The pastor and theologian John Piper explains that we take something ‘in vain’ when we bring it to futility, worthlessness, emptiness, or pointlessness. (e.g. Jer 2:30, Mal 3:14). We can do this by our thoughts, feelings, words, and actions. So to take God’s name in vain is to think, feel, speak and act as if God and the truth about Him were futile, worthless, empty, and pointless. For example, Jesus said in Matthew 14:8-9, quoting Isaiah 29:13, “This people honors me with their lips, but their heart is far from me; in vain do they worship me, teaching as doctrines the commandments of men”. The heart is emptied of right and worthy feelings for God even though external acts are performed for Him, and the truth about God has been replaced by human opinions.

The First Commandment (“You shall have no other gods before me”) deals with whom we worship. We must worship only the one true God. The Second Commandment (“You shall not make for yourself a carved image”) deals with how we worship, the right way of worshiping the one true God. After having our attitude to God set right, The Third Commandment tells us that we must totally order our lives to truly represent the true God. It speaks of how we apply the truth of the first two Commandments in our lives.

Certainly, we should only speak of God’s Name only with reverence and awe. This means that we should not be carelessly saying (or texting!) “Oh my God”, or “OMG”, or “Christ”, or “Jesus!”. We should not be engaging in obscenity or crude jokes (Eph 4:29, 5:4). But Piper’s sharp comment is that “The elimination of that kind of use of the name of God is the kindergarten of the school of Christ.”

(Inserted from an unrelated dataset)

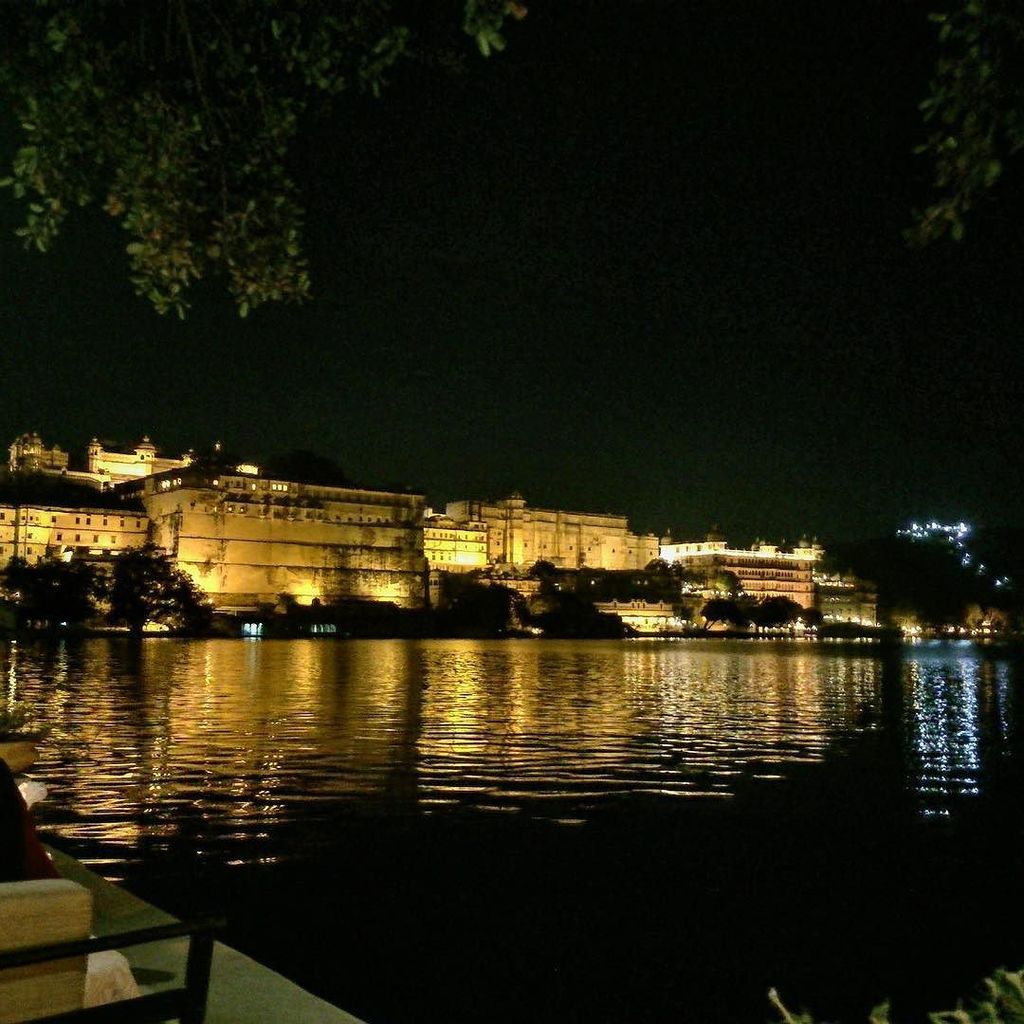 narayananh's tweet photo. The view from our table during dinner tonight :) #Udaipur #travel @instaudaipur @sweetudai… https://t.co/W9UyCio7qW https://t.co/VI1T3nEUEv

The Third Commandment covers all of life. All that we think, feel, speak and act must bring glory rather than disrepute to Him. So the Third Commandment is definitely no easier to keep than the first two Commandments! From the moment we woke up in the morning until the time we began to read this, none of us has fully kept these Commandments as we should. And when we think that the Commandment comes with the warning that “the Lord will not hold him guiltless who takes his name in vain”, we can only tremble at the thought of the punishment we deserve and throw ourselves on God’s mercy. How amazing His grace and forbearance towards us, who so rarely think, feel, speak and act as we should!